Setelah Adhucstat rampung, tokoh-tokoh Mason ini pindah ke gedung yang baru di
pusat wilayah Menteng tersebut.
Sebab itu, Adhucstat Logegebouw ini juga dikenal dengan nama
Loji Bintang Timur yang baru (The Nieuw De Ster in het Oosten Loge). Ritual pemanggilan
arwah sebagai ritual utama para Mason mulai saat itu dilakukan di lantai bawah
Adhucstat. Tentunya secara diam-diam. Namun lama-kelamaan hal yang ganjil
tersebut akhirnya terendus orang luar dan menyebar dengan cepat bagaikan wabah
penyakit. Orang pribumi menyebut Adhucstat sebagai “Rumah Setan”, sebutan yang
sama yang dipakai para pribumi untuk loji-loji Mason lainnya di seluruh Hindia
Belanda ketika itu.
Pada zaman pendudukan Jepang di Jakarta, aktivitas
persaudaraan Mason Hindia Belanda sempat berhenti. Oleh Jepang, nama-nama
Belanda untuk kota, gedung, dan sebagainya dihapus dan digantikan dengan nama
Indonesia, seperti: Batavia diubah menjadi Jakarta, Buitenzorg jadi Bogor,
Cherebon jadi Cirebon, Meester Cornelis jadi Jatinegara, dan Burgemeester
Bisschopplein menjadi Taman Suropati. Namun ketika Jepang kalah dan Belanda
kembali menancapkan kukunya di Indonesia, aktivitas Freemasonry kembali hidup,
bahkan hingga ketika Belanda mengakui kemerdekaan Indonesia pada 1949. Ini bisa
terjadi karena anggota dan tokoh Vrijmetselaren bukan saja orang Belanda dan
Eropa, namun juga tokoh-tokoh Indonesia sendiri.
Namun yang namanya bangkai tetap saja tercium bau busuknya
walau ditutup rapat. Ritual Freemasonry yang sering melakukan pemanggilan arwah
orang mati terdengar warga Jakarta dan menyebar dengan cepat menjadi
desas-desus. Warga Jakarta yang religius merasa terganggu dan mendesak Soekarno
agar menyelidiki hal itu.
Akhirnya pada awal Maret 1950, Soekarno memanggil Suhu Agung
Freemasonry Indonesia ke Istana Merdeka untuk dimintakan klarifikasi.

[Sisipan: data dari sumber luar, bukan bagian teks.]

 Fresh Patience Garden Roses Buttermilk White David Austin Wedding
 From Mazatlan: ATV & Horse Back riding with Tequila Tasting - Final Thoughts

Grandmaster Mason Indonesia itu tentu membantah semua tuduhan. Namun sepuluh
tahun kemudian, pada 27 Februari 1961, Soekarno melarang dan membubarkan
Vrijmetselaren-Loge (Loge Agung Indonesia), Moral Re-Armament Movement, dan
Ancient Mystical Organization of Rucen-Cruisers (Amorc) secara resmi lewat
Lembaran Negara RI Nomor 18/1961. Setahun kemudian, keputusan ini dipertegas
dengan Keppres nomor 264/1962 yang melarang organisasi-organisasi tersebut,
juga pelarangan terhadap Baha’iyyah. Semua aset berupa gedung dan sebagainya
disita negara.
Di masa Soeharto berkuasa, ‘Rumah Setan’ itu sempat dipakai
buat mengadili tokoh-tokoh sipil dan militer yang dituding tersangkut kasus
pembunuhan para jenderal tahun 1965. Setelah itu bekas Adhucstat Logegebouw ini
oleh Orde Baru (The New Order) difungsikan sebagai kantor Bappenas, sebuah
badan pemerintah yang bertugas merencanakan dan menentukan arah pembangunan di
negeri ini. Sebuah tugas yang persis sama dengan akar para Mason itu sendiri.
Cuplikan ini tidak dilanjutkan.